Provided data ::
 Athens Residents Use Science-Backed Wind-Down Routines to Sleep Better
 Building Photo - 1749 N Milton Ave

---

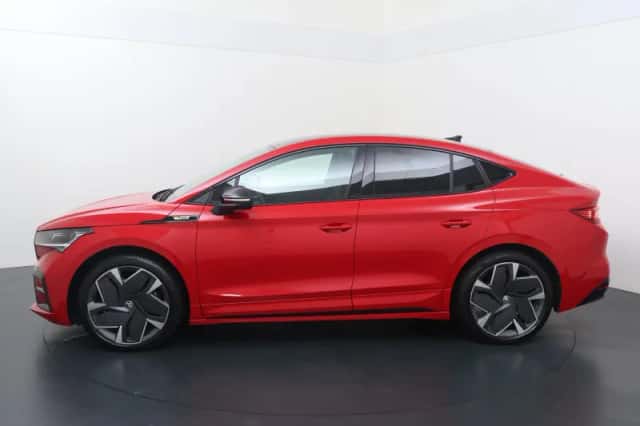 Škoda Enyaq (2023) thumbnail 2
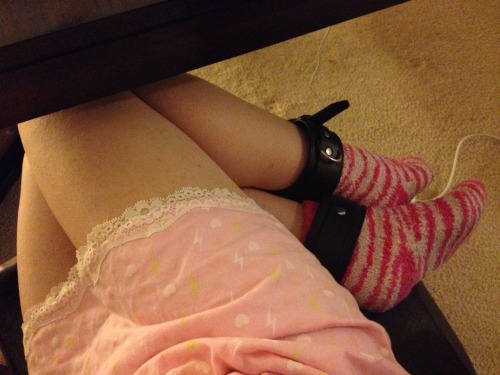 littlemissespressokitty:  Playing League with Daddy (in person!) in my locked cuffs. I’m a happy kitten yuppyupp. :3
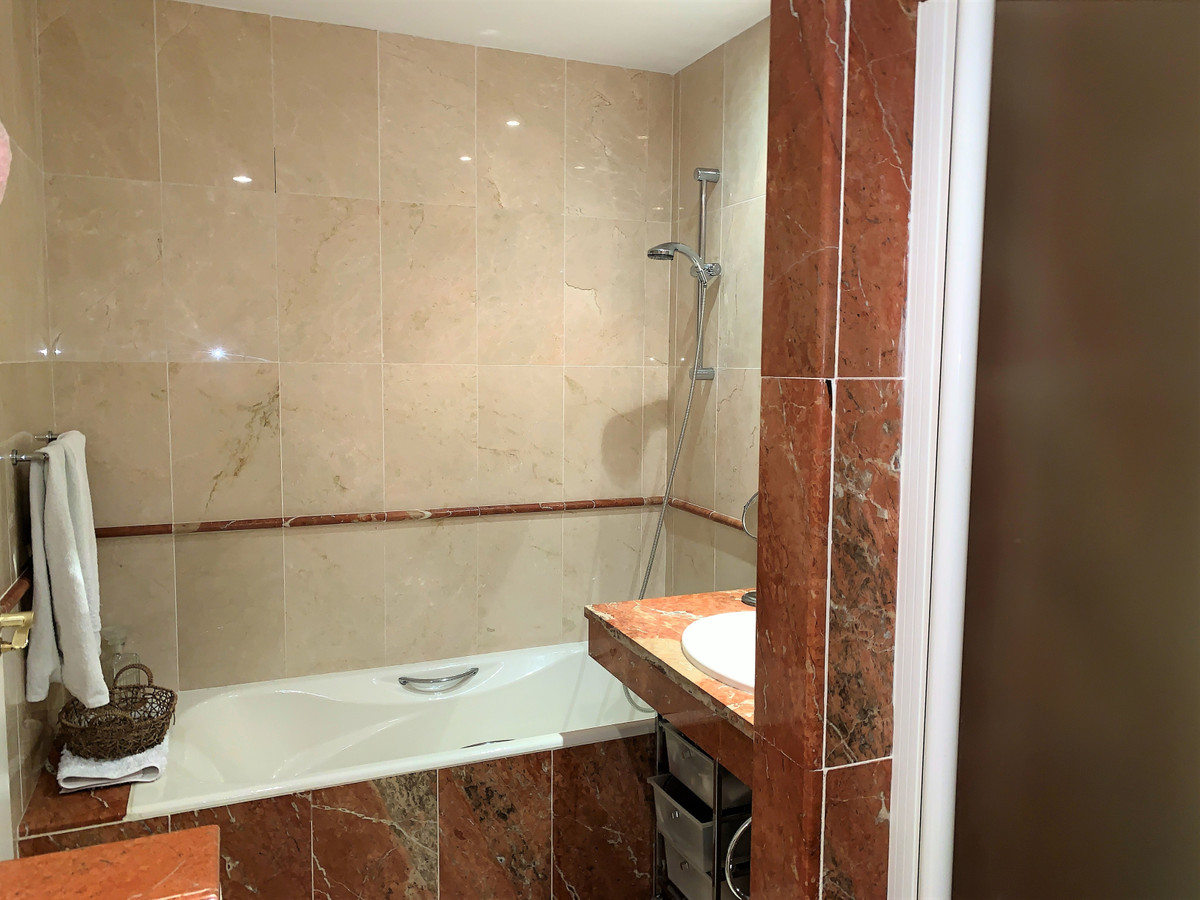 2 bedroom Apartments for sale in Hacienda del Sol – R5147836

Task to carry out ::
Since only part of the listing is wanted, copy exactly the lines from the one holding "Athens Residents Use" to the one holding "Building Photo - 1749 N Milton Ave", both included.

Answer for the task ::
 Athens Residents Use Science-Backed Wind-Down Routines to Sleep Better
 Building Photo - 1749 N Milton Ave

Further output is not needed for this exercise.